'''

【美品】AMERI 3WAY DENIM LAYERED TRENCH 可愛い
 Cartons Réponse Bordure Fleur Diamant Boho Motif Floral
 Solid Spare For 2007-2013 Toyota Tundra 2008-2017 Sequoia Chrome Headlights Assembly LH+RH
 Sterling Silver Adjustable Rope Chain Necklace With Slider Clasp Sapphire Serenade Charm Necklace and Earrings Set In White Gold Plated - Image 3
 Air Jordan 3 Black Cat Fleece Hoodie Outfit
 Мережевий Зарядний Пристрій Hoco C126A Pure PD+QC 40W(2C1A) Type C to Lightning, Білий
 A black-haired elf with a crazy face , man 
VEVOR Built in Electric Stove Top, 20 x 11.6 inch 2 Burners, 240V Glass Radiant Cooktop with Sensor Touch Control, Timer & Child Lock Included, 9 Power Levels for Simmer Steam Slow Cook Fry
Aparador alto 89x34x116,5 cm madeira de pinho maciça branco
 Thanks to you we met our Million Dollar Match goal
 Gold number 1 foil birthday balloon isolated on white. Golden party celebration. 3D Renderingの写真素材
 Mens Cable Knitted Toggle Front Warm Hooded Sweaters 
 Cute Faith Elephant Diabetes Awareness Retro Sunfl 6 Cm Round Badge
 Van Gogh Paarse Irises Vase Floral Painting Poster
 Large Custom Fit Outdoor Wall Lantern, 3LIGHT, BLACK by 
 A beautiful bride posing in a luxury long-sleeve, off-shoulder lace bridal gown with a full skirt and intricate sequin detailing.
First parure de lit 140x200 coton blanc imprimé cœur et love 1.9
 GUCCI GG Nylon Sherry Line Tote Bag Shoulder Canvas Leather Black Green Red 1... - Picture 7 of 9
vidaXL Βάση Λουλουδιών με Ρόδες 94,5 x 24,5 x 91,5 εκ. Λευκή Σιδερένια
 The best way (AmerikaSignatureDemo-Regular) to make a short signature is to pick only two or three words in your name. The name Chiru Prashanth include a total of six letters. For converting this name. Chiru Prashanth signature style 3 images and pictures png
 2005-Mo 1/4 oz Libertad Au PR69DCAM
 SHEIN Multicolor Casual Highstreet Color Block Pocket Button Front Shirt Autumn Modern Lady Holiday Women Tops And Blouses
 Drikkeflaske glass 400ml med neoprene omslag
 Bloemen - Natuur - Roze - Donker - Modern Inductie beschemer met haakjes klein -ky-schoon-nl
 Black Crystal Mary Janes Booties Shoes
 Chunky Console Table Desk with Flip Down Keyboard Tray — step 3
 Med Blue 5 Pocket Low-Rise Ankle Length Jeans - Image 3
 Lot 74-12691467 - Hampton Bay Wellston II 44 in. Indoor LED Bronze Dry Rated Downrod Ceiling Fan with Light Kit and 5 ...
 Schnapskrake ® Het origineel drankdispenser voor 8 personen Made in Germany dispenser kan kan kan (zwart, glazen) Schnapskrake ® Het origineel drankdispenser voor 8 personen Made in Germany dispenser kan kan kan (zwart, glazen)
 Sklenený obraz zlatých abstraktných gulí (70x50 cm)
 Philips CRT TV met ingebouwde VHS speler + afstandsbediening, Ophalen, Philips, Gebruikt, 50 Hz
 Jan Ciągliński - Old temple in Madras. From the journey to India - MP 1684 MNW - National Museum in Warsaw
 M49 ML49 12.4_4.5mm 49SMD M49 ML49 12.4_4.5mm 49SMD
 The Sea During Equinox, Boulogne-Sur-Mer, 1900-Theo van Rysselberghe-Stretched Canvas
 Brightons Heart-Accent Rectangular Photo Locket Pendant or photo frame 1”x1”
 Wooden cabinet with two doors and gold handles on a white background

'''

Within the data, count the lines that hold the word "Pocket". Answer with the figure and nothing more.

2